(Required action):
If a line of the records contains the string "dark", copy it out.

▼▼▼

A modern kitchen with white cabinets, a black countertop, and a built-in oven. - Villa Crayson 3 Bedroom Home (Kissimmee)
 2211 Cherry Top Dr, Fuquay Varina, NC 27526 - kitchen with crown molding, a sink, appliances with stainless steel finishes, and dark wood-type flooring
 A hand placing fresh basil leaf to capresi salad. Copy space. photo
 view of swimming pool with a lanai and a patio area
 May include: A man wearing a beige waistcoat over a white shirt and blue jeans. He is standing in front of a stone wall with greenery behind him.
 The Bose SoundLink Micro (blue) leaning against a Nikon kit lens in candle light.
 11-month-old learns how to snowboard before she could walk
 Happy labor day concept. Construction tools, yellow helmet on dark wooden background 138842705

▲▲▲

(Task solution):
 2211 Cherry Top Dr, Fuquay Varina, NC 27526 - kitchen with crown molding, a sink, appliances with stainless steel finishes, and dark wood-type flooring
 Happy labor day concept. Construction tools, yellow helmet on dark wooden background 138842705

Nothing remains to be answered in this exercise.